# Name this Bird



## Nwilkins (Jan 18, 2009)

Name this Bird


----------



## Slip (Jul 25, 2006)

Tweetie!


----------



## grayfish (Jul 31, 2005)

Looks like it may be a young Ptarmigan in summer plumage.


----------



## dicklaxt (Jun 2, 2005)

Ptarmigan ,exactly what I was thinking ,if it isn't its a relative.LOL,but its been 54 years since I saw one so I'm not taking bets.

dick


----------



## Nwilkins (Jan 18, 2009)

Keep trying, took the picture last week


----------



## Barbarian (Feb 12, 2009)

Looks quailish????


----------



## Nokillbill (Nov 27, 2006)

blue grouse


----------



## Timemachine (Nov 25, 2008)

Young female prarie chicken


----------



## Friendswoodmatt (Feb 22, 2005)

blue quail -- young female?


----------



## D-fish (May 7, 2009)

I was going to guess atwaters prairie chicken as well....


----------



## bzrk180 (Jan 7, 2008)

grayfish said:


> Looks like it may be a young Ptarmigan in summer plumage.


x2


----------



## Nwilkins (Jan 18, 2009)

Keep Trying, He/she lives on The Big Island of Hawaii


----------



## grayfish (Jul 31, 2005)

So I guess that is a Alien bird of Hawaii. Believe that would be a Turkey.

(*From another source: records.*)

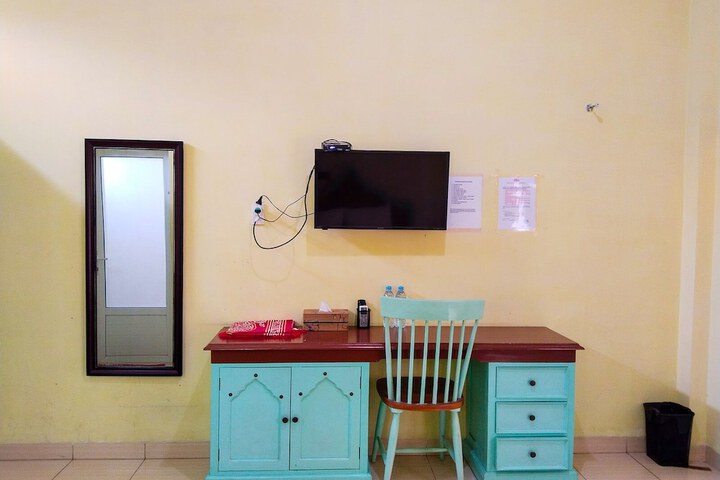 Room 9 of 93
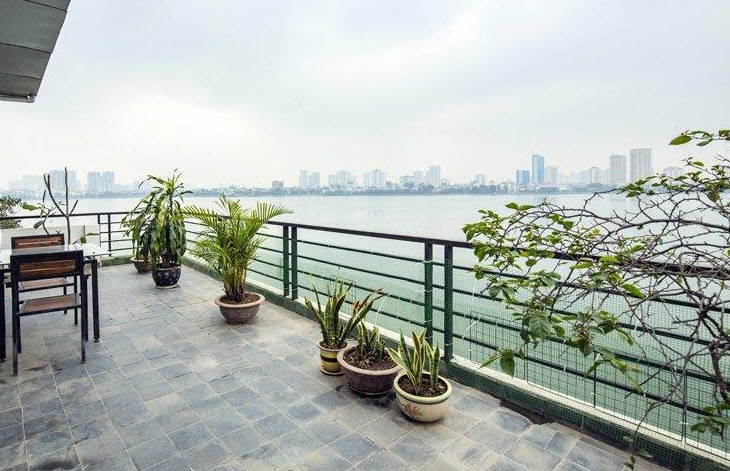 *Spacious Balcony With Beautiful Lake View 02 BR apartment in Quang Khanh, Tay Ho*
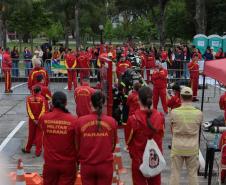 Técnica, coragem e confraternização: competição reúne bombeiras de todo o país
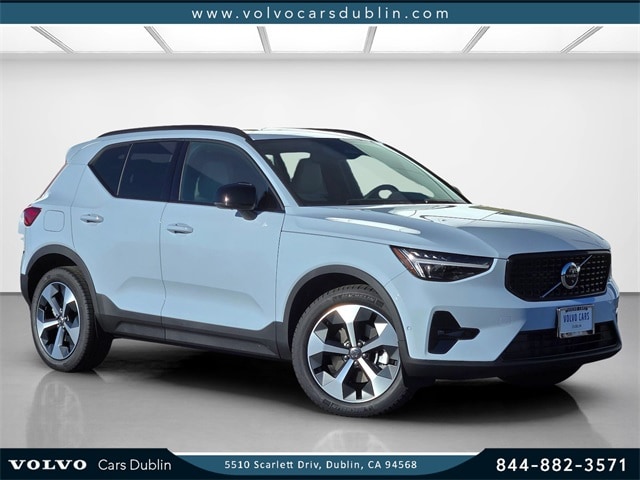 2026 Volvo XC40 Plus's photo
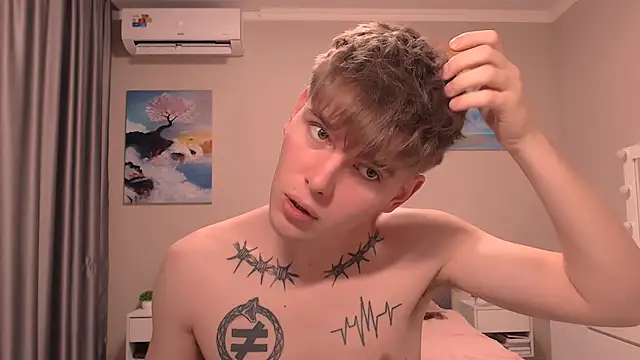 Snapshot of Fredd_Xanders chatting on 12-16-25, 06:56 Fredd Xanders online show from 12-16-25, 06:56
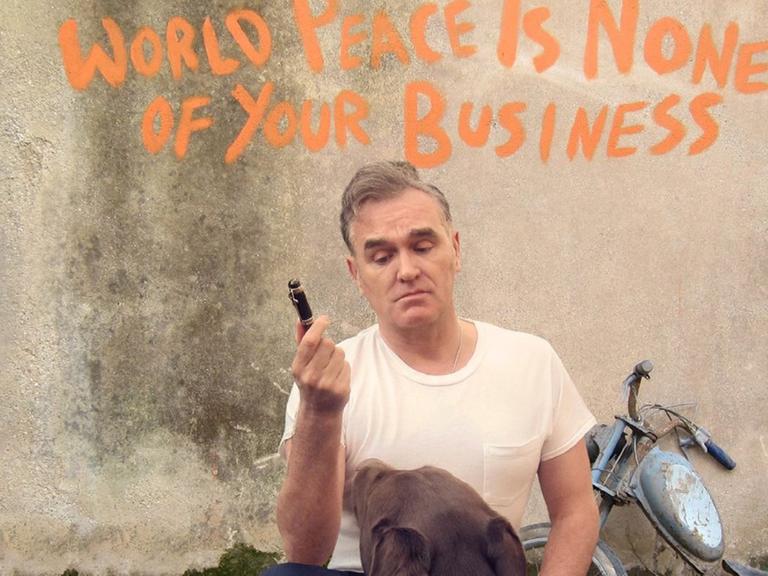 Cover von Morrisseys "World Peace Is None Of Your Business"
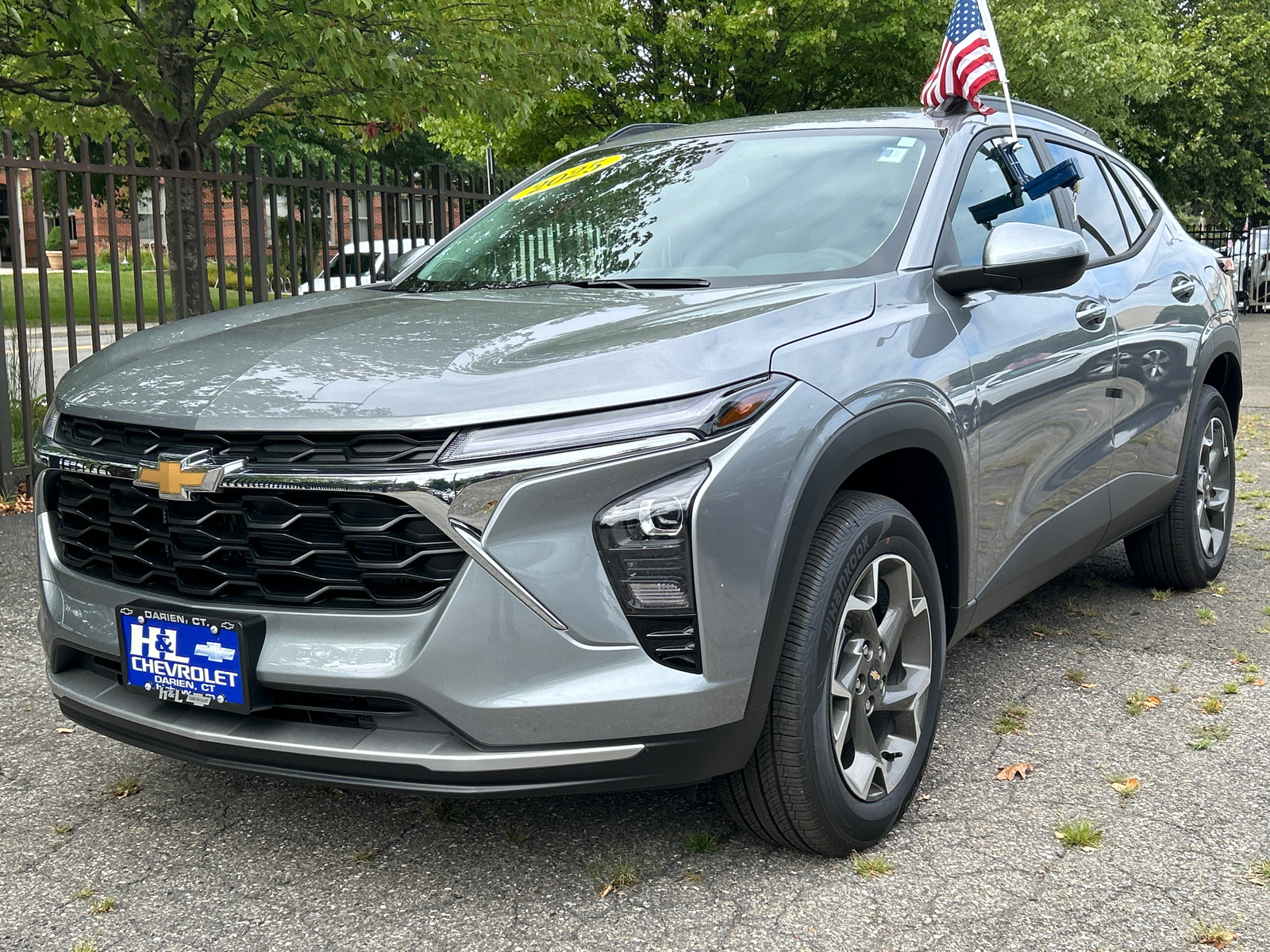 2025 Chevrolet Trax LT 1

I was born in Hawaii. Can you guess the last three letters of my fathers middle name?


----------



## jboogerfinger (Jun 16, 2009)

Turducken?


----------



## FalseCast (May 7, 2009)

FRANKLIN QUAIL


----------



## Levelwind (Apr 15, 2005)

Not a young bird. See the spurs.


----------



## dicklaxt (Jun 2, 2005)

Grey or Erclel Francolin or maybe just plain Francolin


----------



## Nwilkins (Jan 18, 2009)

dicklaxt said:


> Grey or Erclel Francolin or maybe just plain Francolin


Erckel is correct sir


----------



## dicklaxt (Jun 2, 2005)

How much did I win and please make it a cashiers check :rotfl:Make it out to me and Google

dick


----------



## Nokillbill (Nov 27, 2006)

the neck and the beak dont look francolin to me. im just sayin


----------



## Nwilkins (Jan 18, 2009)

Nokillbill said:


> the neck and the beak dont look francolin to me. im just sayin


That is what the locals called them, I had no idea what it was, thought it was some kind of grouse/chucker family.

Sorry Dick, entertainment value only, hope you enjoyed playing and the picture


----------



## Sweet Action (Mar 27, 2008)

prarie chicken???


----------



## Bassaholic (Apr 20, 2009)

grayfish said:


> Looks like it may be a young Ptarmigan in summer plumage.


Don't ptarmigan have feathers down to their feet? Or is that just certain species?


----------